- [Task brief]
Starting with the line that contains "1844 Meadowlawn Dr, Columbus", repeat each line exactly through the final line of the listing. No picture should appear in the copy.

····················

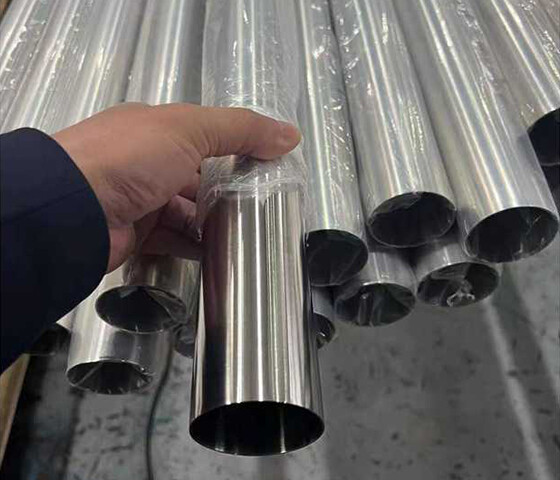 Bright stainless steel decorative welded pipe
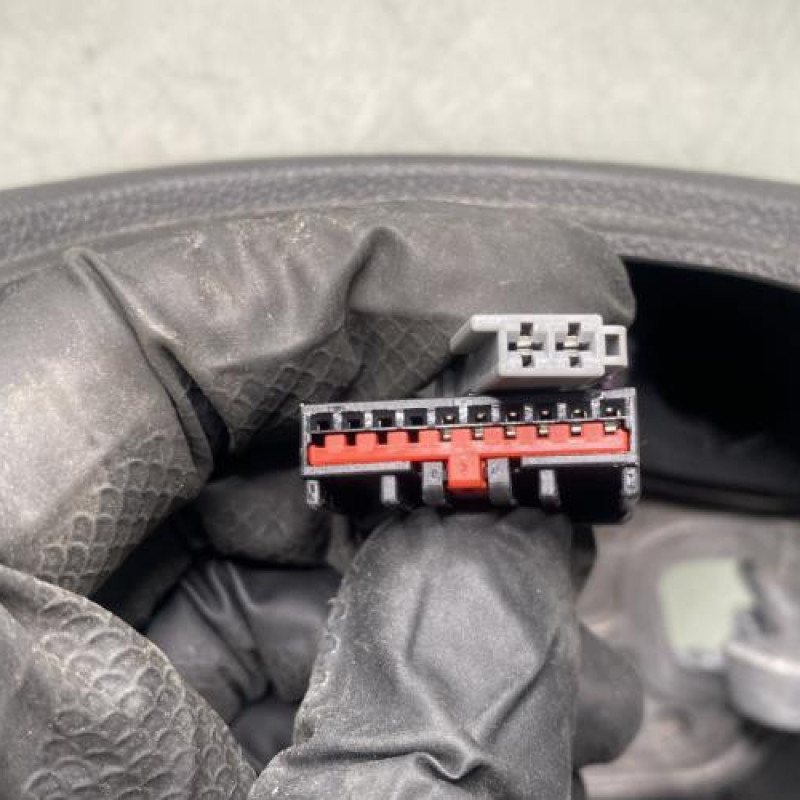 Volant OPEL CORSA E Photo n°6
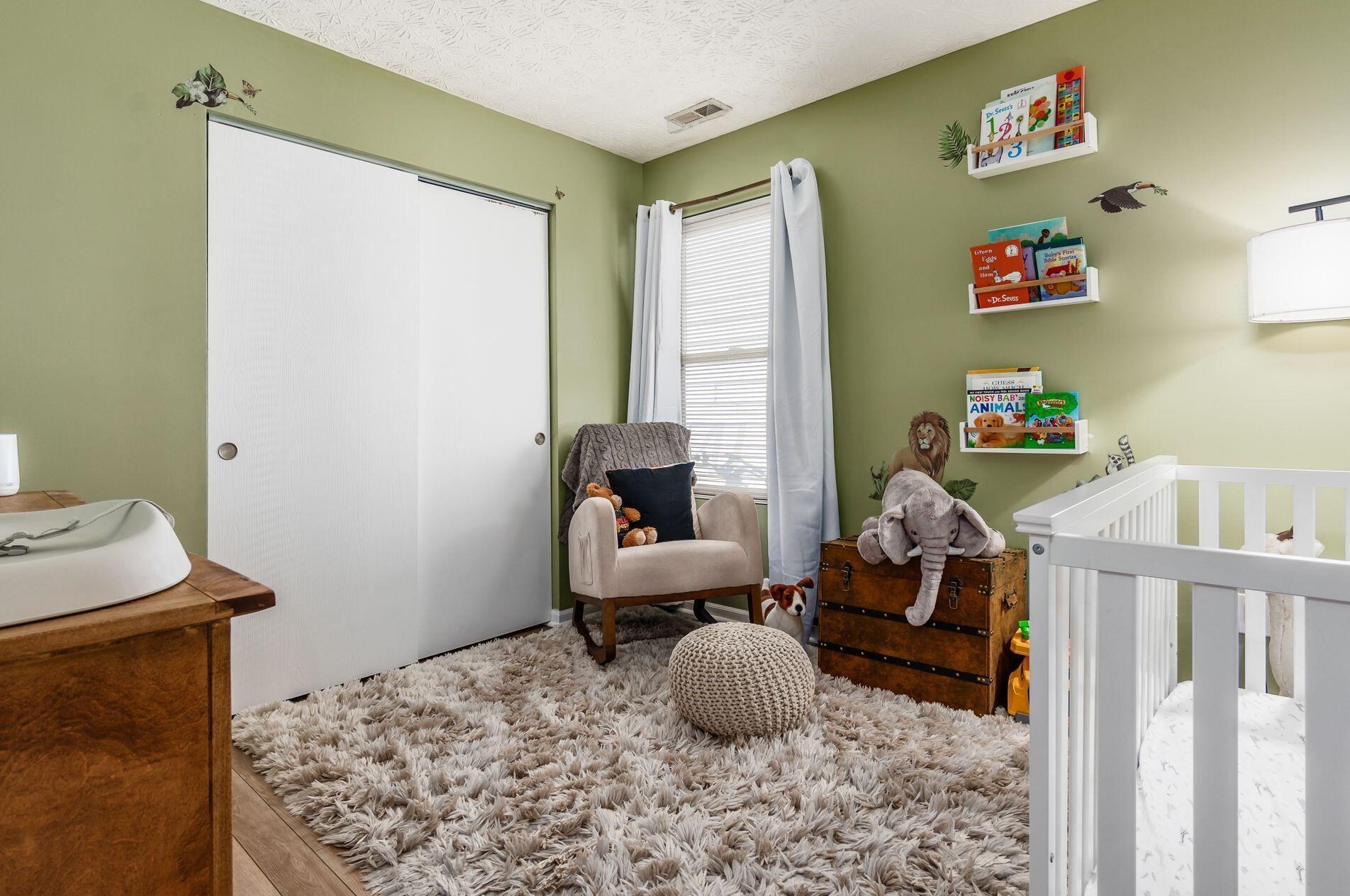 1844 Meadowlawn Dr, Columbus OH  43219-5524 exterior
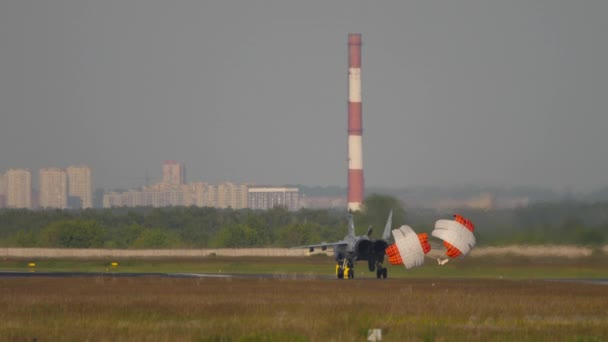 Russischer Überschall-Jagdflugzeugträger MiG-31 — Stockvideo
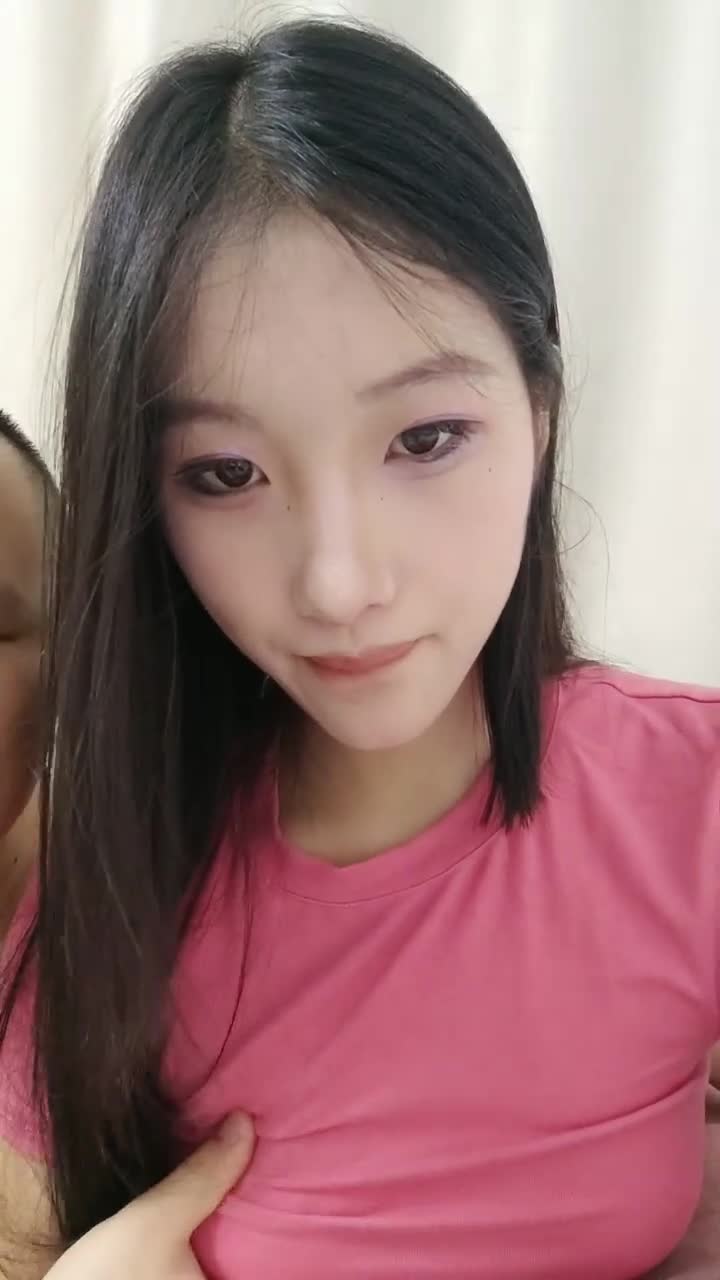 极品校花! 身材完美 吃鸡互舔 主动骑乘 卫生间后入~啪啪狂干~爽死啦~#校花  #吃鸡  #骑乘  #后入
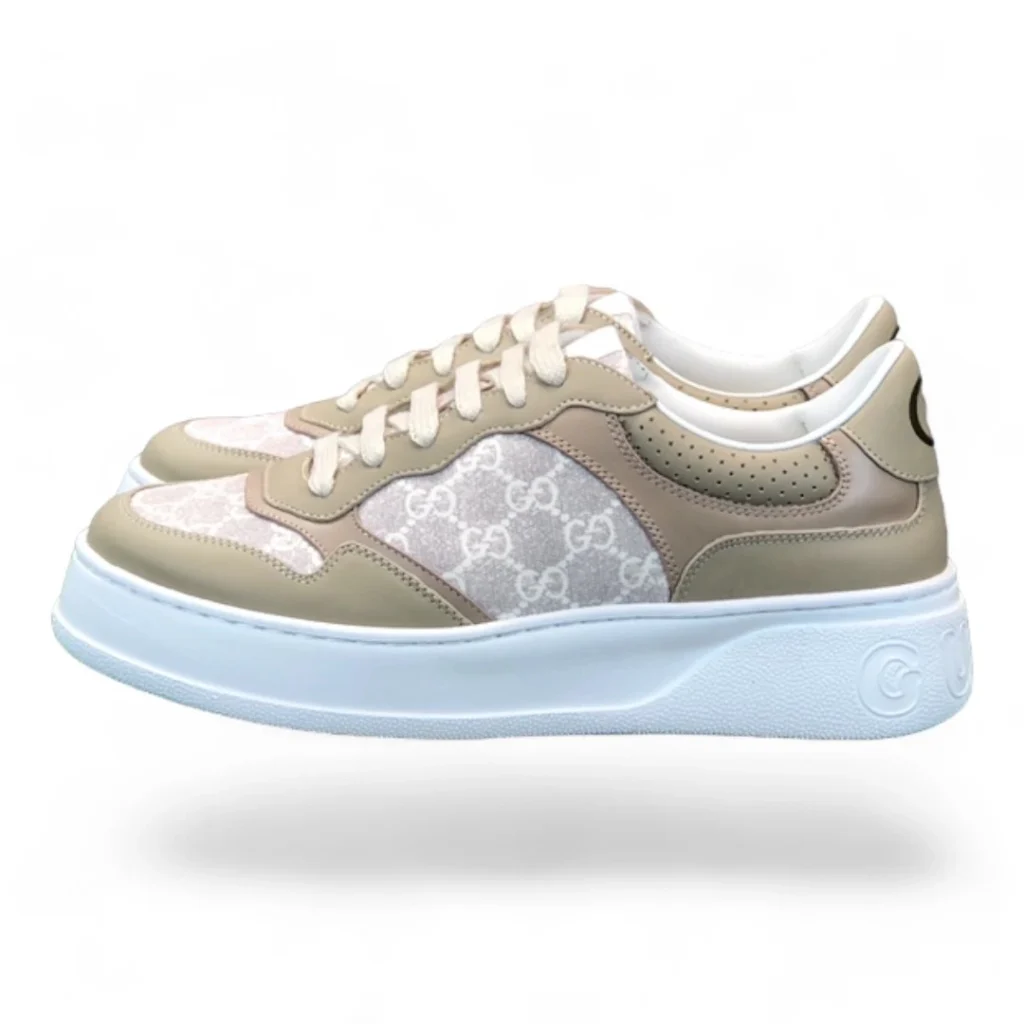 GUCCI tennis 1977 beige and white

····················

- [Solution for this exercise]
 1844 Meadowlawn Dr, Columbus OH  43219-5524 exterior
 Russischer Überschall-Jagdflugzeugträger MiG-31 — Stockvideo
 极品校花! 身材完美 吃鸡互舔 主动骑乘 卫生间后入~啪啪狂干~爽死啦~#校花  #吃鸡  #骑乘  #后入
 GUCCI tennis 1977 beige and white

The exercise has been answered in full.